What breaks when you put ColPali in production. Storage explosion is mitigated by MUVERA but the compressed index still costs ~30× a single-vector corpus — budget accordingly. Serving MaxSim is the DB question, not the model question: Qdrant ships native multivector + MaxSim and is the default for ColPali/ColQwen deployments; Weaviate 1.31 adds native MUVERA via Encoding.muvera(...); Vespa exposes tensor MaxSim; LanceDB has multi-vector columns with client-side MaxSim; Milvus 2.5 supports multi-vector fields with MaxSim as a group_by workaround, with 3.0 on the roadmap; FAISS reduces client-side. Pick the DB on this feature, not on headline benchmarks. Freshness is hard — each document is thousands of inserts, and bulk-reindex cadences that worked for single-vector break here, although MUVERA's compressed encoding updates incrementally like a normal vector. Chart and screenshot brittleness dominate over model choice on low-DPI inputs; input preprocessing matters more than which ColQwen you picked. And MaxSim at high QPS can become the bottleneck, not the encoder — MUVERA's ~90% latency reduction on the BEIR subsets is the only reason this is tractable at scale.

Caution

ColPali is the right answer for medium-sized, high-value, static or slow-changing document collections. Post-MUVERA, it is also defensible for large, dynamic corpora. For casual web-scale PDFs, ticket attachments, low-value user uploads, an OCR + text-embedding pipeline is often cheaper end-to-end. Choose architecture on corpus economics, not benchmark scores.
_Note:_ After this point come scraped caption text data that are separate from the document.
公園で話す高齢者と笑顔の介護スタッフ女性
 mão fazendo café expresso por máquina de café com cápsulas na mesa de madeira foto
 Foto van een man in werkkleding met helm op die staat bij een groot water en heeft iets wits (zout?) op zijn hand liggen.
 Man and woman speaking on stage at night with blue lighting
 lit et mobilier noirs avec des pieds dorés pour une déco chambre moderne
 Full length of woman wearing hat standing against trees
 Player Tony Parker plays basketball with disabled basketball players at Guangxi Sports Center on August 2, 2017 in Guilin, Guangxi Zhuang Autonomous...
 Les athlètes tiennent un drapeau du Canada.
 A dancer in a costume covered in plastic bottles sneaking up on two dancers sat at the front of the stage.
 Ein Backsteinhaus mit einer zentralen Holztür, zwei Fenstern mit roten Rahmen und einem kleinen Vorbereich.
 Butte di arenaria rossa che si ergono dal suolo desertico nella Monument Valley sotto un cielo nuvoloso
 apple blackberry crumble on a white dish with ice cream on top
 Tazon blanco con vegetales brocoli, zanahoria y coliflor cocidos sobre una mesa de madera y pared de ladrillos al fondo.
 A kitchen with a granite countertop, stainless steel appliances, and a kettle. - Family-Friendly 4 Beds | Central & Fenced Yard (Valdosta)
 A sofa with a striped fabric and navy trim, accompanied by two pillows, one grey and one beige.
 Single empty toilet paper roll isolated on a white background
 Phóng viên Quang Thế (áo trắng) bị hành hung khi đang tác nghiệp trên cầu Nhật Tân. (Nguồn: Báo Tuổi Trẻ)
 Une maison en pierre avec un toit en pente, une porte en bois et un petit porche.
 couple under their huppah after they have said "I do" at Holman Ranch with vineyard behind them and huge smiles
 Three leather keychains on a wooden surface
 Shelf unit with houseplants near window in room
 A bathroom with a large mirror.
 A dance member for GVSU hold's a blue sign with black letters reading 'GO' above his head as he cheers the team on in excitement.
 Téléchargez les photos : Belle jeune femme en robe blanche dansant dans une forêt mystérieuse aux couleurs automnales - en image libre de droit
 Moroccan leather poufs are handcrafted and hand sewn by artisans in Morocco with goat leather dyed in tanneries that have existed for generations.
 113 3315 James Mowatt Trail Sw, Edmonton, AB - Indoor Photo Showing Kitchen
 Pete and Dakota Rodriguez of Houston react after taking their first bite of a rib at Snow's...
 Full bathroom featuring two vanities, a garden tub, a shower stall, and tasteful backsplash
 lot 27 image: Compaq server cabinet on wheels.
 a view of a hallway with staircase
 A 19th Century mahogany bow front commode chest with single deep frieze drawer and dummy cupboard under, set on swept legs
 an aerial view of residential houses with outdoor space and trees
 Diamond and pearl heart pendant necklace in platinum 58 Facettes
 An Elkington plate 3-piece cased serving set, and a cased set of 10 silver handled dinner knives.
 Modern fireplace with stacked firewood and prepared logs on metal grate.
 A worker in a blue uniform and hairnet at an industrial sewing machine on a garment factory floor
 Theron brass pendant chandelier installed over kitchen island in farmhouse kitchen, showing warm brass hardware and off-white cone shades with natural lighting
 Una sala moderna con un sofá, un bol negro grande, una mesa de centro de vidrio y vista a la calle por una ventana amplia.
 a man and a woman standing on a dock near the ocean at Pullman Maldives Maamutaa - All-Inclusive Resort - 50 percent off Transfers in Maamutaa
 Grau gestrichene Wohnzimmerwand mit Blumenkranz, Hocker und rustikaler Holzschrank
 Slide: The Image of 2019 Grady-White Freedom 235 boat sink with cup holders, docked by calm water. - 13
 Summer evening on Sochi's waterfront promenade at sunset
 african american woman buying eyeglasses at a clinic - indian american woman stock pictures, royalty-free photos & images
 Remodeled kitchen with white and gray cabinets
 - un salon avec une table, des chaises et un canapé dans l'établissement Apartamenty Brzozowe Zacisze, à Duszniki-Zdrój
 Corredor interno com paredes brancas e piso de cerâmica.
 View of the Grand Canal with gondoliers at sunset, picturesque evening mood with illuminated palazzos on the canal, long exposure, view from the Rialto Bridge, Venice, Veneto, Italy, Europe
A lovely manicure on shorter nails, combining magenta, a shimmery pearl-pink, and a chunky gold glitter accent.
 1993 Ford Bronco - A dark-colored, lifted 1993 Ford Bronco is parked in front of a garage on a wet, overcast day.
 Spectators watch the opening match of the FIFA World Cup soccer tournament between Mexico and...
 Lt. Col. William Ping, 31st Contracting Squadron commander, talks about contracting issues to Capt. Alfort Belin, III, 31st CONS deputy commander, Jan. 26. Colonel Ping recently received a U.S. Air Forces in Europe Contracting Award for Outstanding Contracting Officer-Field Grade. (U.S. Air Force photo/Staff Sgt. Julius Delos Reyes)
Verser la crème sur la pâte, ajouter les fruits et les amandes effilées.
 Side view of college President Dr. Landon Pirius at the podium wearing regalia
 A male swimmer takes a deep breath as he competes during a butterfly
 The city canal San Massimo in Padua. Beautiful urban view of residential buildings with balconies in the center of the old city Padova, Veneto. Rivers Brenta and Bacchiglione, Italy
Part V — Open Weights, Closed APIs, and the Moats That Will Remain

The top of almost every 2026 multimodal leaderboard is populated by Chinese labs — Alibaba (Qwen3-VL, GME, UniME), ByteDance (Seed1.6), Tencent (KaLM, LLaVE), BAAI (MegaPairs, BGE), Ant (M2-Encoder, GroupRank), Kuaishou (Modality Curation, UniECS), Xiaohongshu (LamRA), Qihoo 360 (RzenEmbed). This is structural, not cyclical. Three reasons, stated without hyperbole. Strong open-weights MLLM bases in the 2–14B class — Qwen2.5-VL, Qwen3-VL, InternVL3, GLM-4.1V, DeepSeek-VL2 are strong open starting points, and embedding quality inherits directly from base quality. Vertical integration of data pipelines — ByteDance, Alibaba, Kuaishou, Xiaohongshu operate among the world's largest image-text interactive corpora; "data > architecture" structurally favors them. Incentive asymmetry — Chinese labs tend to publish open weights to stake international-reputation claims, while several Western labs gate their best models behind APIs. Public leaderboards therefore systematically over-represent open-weights Chinese output and undercount closed Western models (OpenAI, Anthropic, Cohere) that do not submit.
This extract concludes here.